NLP ALGORITHMS

My NLP algorithms and notes since my NLP journey started.

The chosen and implemented algorithms:

All implementations have comments and explanations in source code as well.
Maximum Matching Algorithm is an algorithm which finds the words of a sentence 
if the sentence has no separators(spaces) between words. It is applicable for 
languages such as Chinese, Japanese.
It's not accurate for languages that have long words such as English.
Porter's Algorithm is an algorithm that is the most common English stemmer. 
It finds the stem of the word. 
(Note: The implementation does not include all the steps. May not be work for all words.)
Binary Classifier is a class of algorithms that look through the possible decisions and 
decides the most possible one.
The implementation is a binary classifier that decides whether a period ends a sentence or not.
Minimum Edit Distance is an algorithm which calculates the similarity between two words.
Some of the applications of the algorithm are to correct the typos and recommend similar words. 

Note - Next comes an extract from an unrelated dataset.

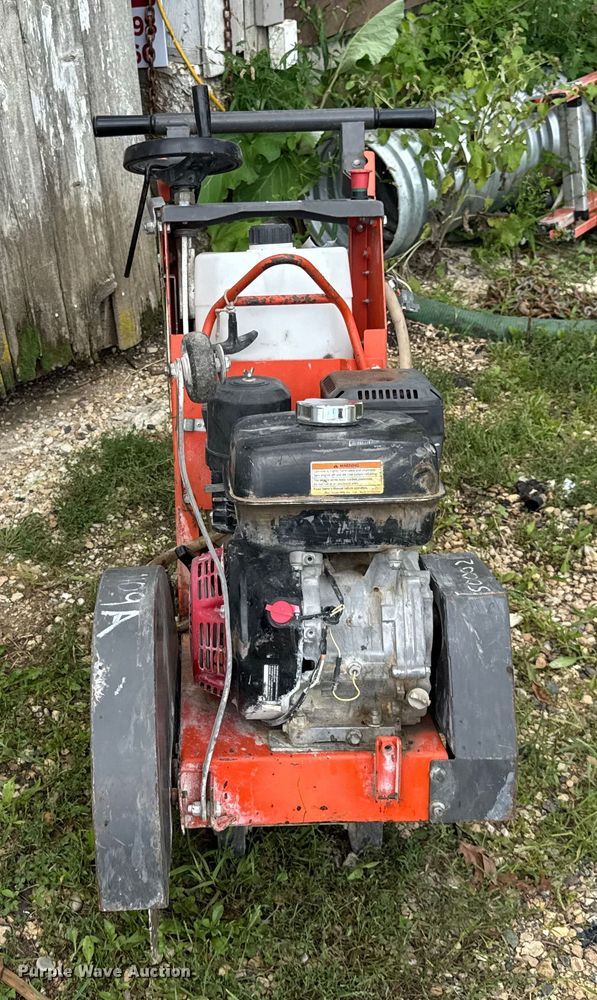 image for item EF2143 2017 Husqvarna FS400LV concrete saw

There are various implementations (scoring systems) based on the task. The default scoring 
system is Levenshtein.
The Needleman-Wunsch algorithm is an algorithm that maximizes the similarity 
between two gene sequences (strings) to find the global alignment. All characters(nucleotides)
must match.
The Smith-Waterman algorithm is an algorithm that is used in NLP and Bioinformatics to detect 
all possible alignments. Checking the confusion matrix is a way to find matches. 

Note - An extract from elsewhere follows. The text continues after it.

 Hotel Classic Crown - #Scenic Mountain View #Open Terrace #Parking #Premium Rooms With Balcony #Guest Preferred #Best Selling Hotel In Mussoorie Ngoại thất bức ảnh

Some characters(nucleotides) may not match.
N-grams are a class of probabilistic language models that compute the probability of 
a given word set or sentence. Its applications are, e.g., machine translation, 
speech recognition,and so on. These algorithms use the chain rule of probability and 
Markov assumption and use the formulas with a chosen N. Here, N stands for a positive 
whole number. Some of most common N-gram models are unigrams(N=1), bigrams(N=2) and trigrams(N=3). 
Unigrams computes the probability of a chosen word with Maximum Likelihood Estimate.
Each model differs from each other in the size of word groups. Unigrams group the words 
as themselves, bigrams as binary word groups, and trigrams as triple word groups.